J’ai toujours dit qu’il y avait UN art et plusieurs formes d’art... Je ne me suis jamais limité à la musique seulement. J’ai toujours été attiré parce que l’art provoquait comme questionnements. Pour moi, être artiste c’est être à l’affût de soi- même et de ce qui nous entoure pour ne pas dire ce qui nous enrobe. L’art est une des multiples voies que l’humain peut emprunter pour chercher et peut-être trouver sa vérité. L’art est sacré. Parfois, je sens que mon inspiration vient de cette partie de moi-même que j’ai appris à écouter et à suivre avec le temps. Mais d’autres fois, je sens cette inspiration arriver d’ailleurs. Un peu comme un vent qui vient de loin et que je capte avec les sens que j’ai développés au fur et à mesure de mon parcours. Difficile de dire d’où vient l’inspiration, mais je peux dire qu’elle ne vient que si on a foi en elle! C’est sûr ça au moins!

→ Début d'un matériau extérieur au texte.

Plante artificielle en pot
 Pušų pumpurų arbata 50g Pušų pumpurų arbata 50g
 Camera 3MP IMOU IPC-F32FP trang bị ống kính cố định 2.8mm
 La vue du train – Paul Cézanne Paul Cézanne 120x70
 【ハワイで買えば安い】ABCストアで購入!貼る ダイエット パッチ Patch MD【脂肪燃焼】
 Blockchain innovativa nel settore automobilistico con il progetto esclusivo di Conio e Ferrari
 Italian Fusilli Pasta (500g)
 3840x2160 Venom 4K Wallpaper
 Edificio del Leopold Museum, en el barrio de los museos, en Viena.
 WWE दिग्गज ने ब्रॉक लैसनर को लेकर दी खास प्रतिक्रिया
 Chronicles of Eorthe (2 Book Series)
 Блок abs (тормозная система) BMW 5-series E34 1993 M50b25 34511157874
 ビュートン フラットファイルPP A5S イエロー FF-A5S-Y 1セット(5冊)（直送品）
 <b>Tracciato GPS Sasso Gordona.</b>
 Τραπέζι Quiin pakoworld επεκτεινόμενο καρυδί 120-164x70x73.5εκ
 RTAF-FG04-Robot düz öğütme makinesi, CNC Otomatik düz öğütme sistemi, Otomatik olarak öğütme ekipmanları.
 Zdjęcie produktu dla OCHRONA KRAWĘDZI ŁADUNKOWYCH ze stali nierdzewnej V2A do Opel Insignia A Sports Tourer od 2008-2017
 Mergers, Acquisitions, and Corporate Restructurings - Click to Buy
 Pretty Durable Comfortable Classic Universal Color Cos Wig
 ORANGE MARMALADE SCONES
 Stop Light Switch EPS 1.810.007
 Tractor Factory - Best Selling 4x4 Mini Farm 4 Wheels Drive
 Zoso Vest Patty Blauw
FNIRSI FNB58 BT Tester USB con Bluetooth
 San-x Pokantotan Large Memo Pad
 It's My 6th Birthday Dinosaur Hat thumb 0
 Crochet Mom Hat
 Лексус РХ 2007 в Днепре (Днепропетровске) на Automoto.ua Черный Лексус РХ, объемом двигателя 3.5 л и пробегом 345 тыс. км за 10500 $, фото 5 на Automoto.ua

Quels sont les moments de la journée que vous préférez pour composer et pourquoi? Peut-on connaître vos projets?

Même si j’aime la nuit et son silence, je n’ai pas de moment privilégié. Quand la musique s’impose dans ma tête, je m’asseois et j’écris. C’est simple! De la même façon, mes projets mûrissent un certain temps pour ne pas dire un temps certain. Je ne sais jamais quand ils sont à point. Je devais finir un album personnel en 2009, mais comme je ne suis pas encore convaincu par le résultat, c’est encore en cours. Le mot «art» suggère un autre mot que j’aime beaucoup: artisan. Je préfère donc l’artisanat à l’industrie...Sinon, des futures collaborations pour d’autres musiques de film. J’espère passer le plus de temps possible dans ce domaine car j’avoue que c’est pour faire de la musique de film que j’ai choisi un jour de faire de la musique!

Comment êtes-vous venu à la musique? Quels ont été vos mentors si l’on peut dire? Très jeune, j’ai été initié à la musique andalouse, mais ce n’était qu’un passe-temps. Adolescent, le besoin de musique a commencé à grandir et très vite, et en autodidacte, je me suis retrouvé à faire du jazz et jouer avec des groupes à Alger. Vers la fin des années 1980, la musique s’est imposée à moi comme un chemin de vie, et à 21 ans, mon diplôme d’ingénieur informaticien en poche, je décidai de partir à Paris pour étudier l’écriture, la composition, l’orchestration, la prise de son, mixage...etc... Donc en réalité, je ne suis pas venu à la musique, mais c’est elle qui s’est imposée à moi! Et elle n’est pas venue seule! Elle m’a amené de grands maîtres en la personne de Miles Davis par exemple, mais aussi Igor Stravinsky. J’ai écouté et lu d’autres maîtres comme Kandinsky, Djallal Eddine Erroumi, Platon, El Halladj ou saint Augustin... Je ne crois pas avoir eu de gourou particulier. Mais tous ceux qui m’ont influencé ou m’influencent encore sont liés par une similitude: l’incessante recherche de leur vérité intérieure qui semble être un luxe pour nous aujourd’hui en ces temps de mondialisation effrénée. Mais justement, pour équilibrer l’effet de ce que je pense être notre civilisation humaine en déclin, cette quête de vérité me semble inévitable.